First, I think it’s important to consider the context. The United States has the highest rate of incarceration in the world, both in terms of raw numbers and in terms of population. Meanwhile, the U.S. has one of the highest rates of homicide among high-income countries and is among those with the highest rates of gun deaths and gun violence.
The effects of these phenomena are disproportionately felt by vulnerable communities: Black people are murdered at four to eight times the rate of the general population; Black men are nearly four times as likely to be incarcerated; Black people are more likely to be prosecuted for drug offenses despite similar levels of use across race; people with mental illness are more likely to be imprisoned than get treatment; and so on.

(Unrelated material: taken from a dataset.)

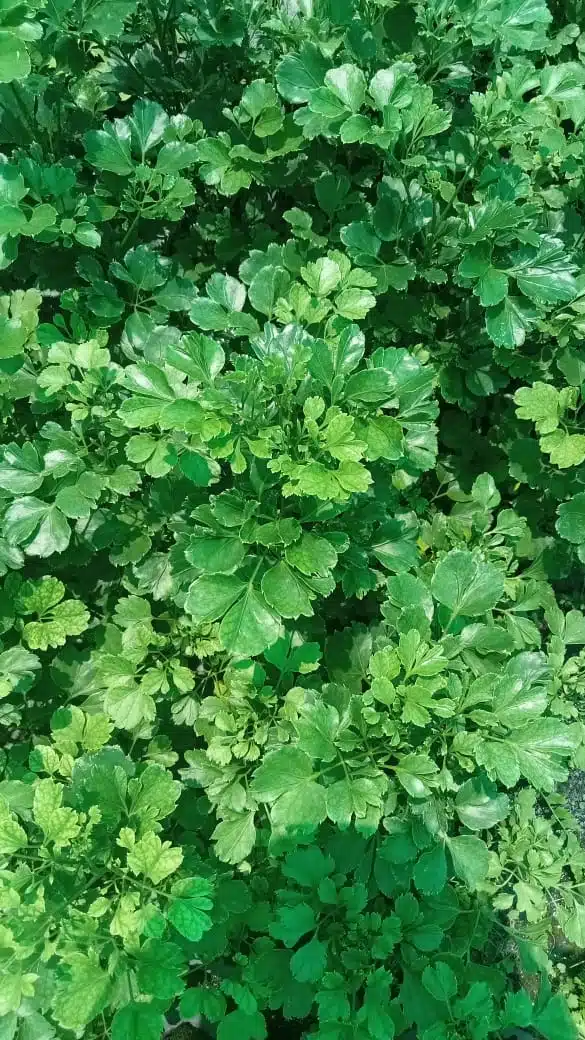 Chicken Gizzard Aralia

Jails are also woefully inadequate at handling mental health and substance use problems, often merely exacerbating them. To make matters worse, the majority of people in the Penobscot County Jail are there for substance use, bail violations or parole violations. We are in one of the worst substance use crises nationally and locally. Substance use has steadily gotten worse as more and more people die of overdose. This is all while jails and prisons have been expanding. I believe there is only one reasonable conclusion: Prisons and jails are not useful in preventing violence or improving our communities. We’ve run the experiment and the results are clear.
Second, I want to clarify exactly what imprisonment actually does. Prison sentences, especially long ones, don’t deter crime. Studies show the opposite: imprisonment hardens people and makes them more violent. The little data we have on jail expansion specifically indicates that jail and prison expansion leads to the prosecution of pettier crimes.

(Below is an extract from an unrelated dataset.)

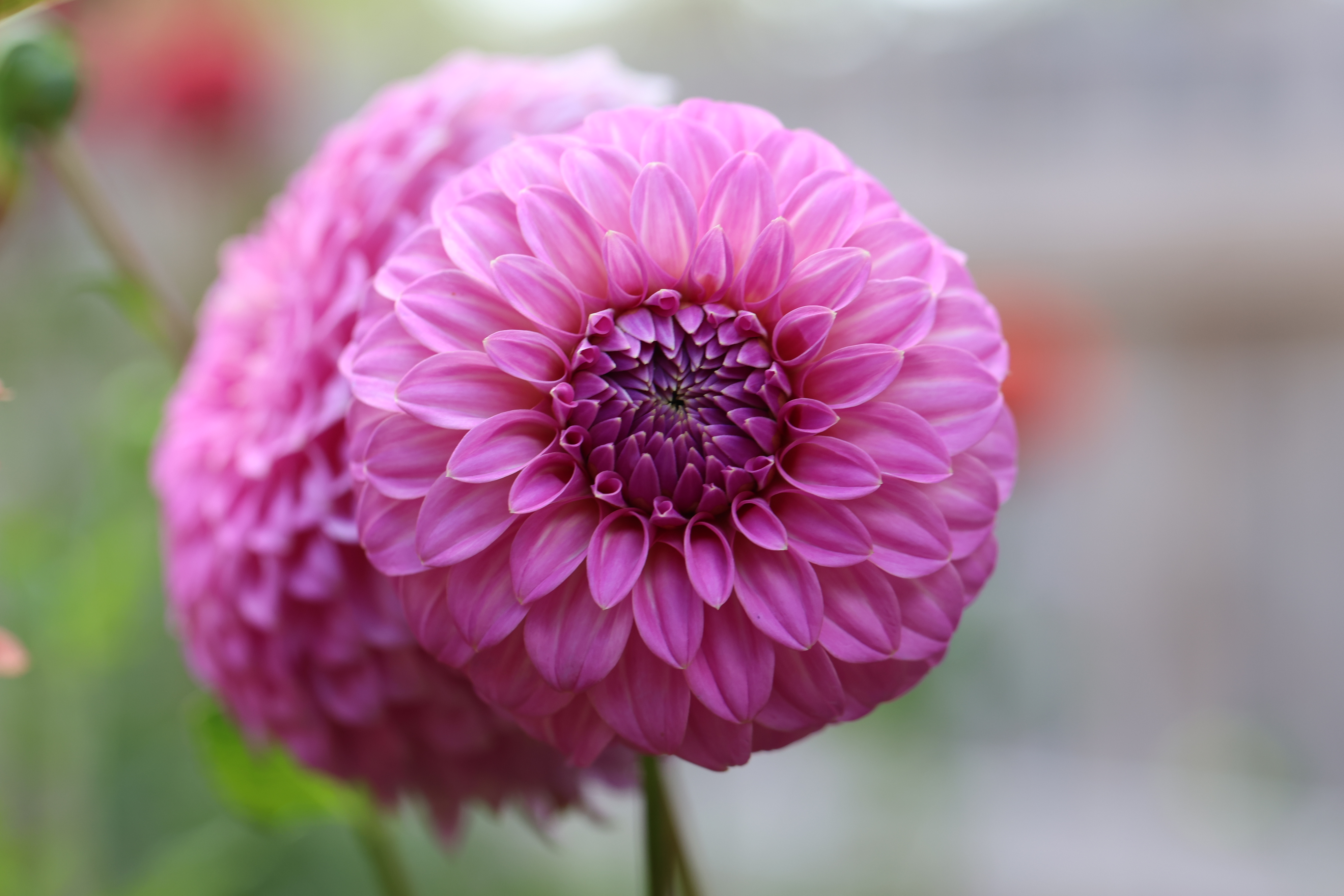 Kenora Tonya dahlia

We can see that this is already taking place in Penobscot County. Besides that, Penobscot County Jail is unable to protect prison guards, people they incarcerate and volunteers from sexual harassment by its own employees. So, we can reasonably conclude that the jail will cost millions of dollars and make people less safe.
Third, there are simply better options. We can significantly reduce the jail population if we simply stop jailing people who have committed substance use crimes, bail violations or parole violations. If we did this today, the jail population would decrease by at least two-thirds.

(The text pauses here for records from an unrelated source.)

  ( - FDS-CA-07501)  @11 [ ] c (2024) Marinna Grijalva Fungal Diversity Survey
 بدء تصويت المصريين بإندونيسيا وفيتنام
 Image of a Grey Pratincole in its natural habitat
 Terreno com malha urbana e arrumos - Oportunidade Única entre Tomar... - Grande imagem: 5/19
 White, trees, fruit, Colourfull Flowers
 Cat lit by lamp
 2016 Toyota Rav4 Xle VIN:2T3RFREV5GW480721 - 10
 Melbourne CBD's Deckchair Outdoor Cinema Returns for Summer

We also know that poverty and crime are linked. For one, poverty is often criminalized in the form of fines and debts. But beyond that, poor people are under a greater level of stress, have few opportunities and have no stake in their communities. Poverty reduction and relief is a sure-fire way to reduce crime. There are plenty of other options, too. Installing public bathrooms, creating shelters, providing substance use treatment, broadening public health care and supporting other social welfare programs are also effective means at reducing crime — in no small part because the conditions they alleviate are the very things being criminalized. They are all substantially cheaper, too.
In summary, expanding the jail is a bad idea. The jail expansion will just make us less safe, continue the legacy of racism and oppression in this country and misdirect funds that are intended to help our community. The American Rescue Plan funds present a rare opportunity. It would be a shame to squander them on the jail.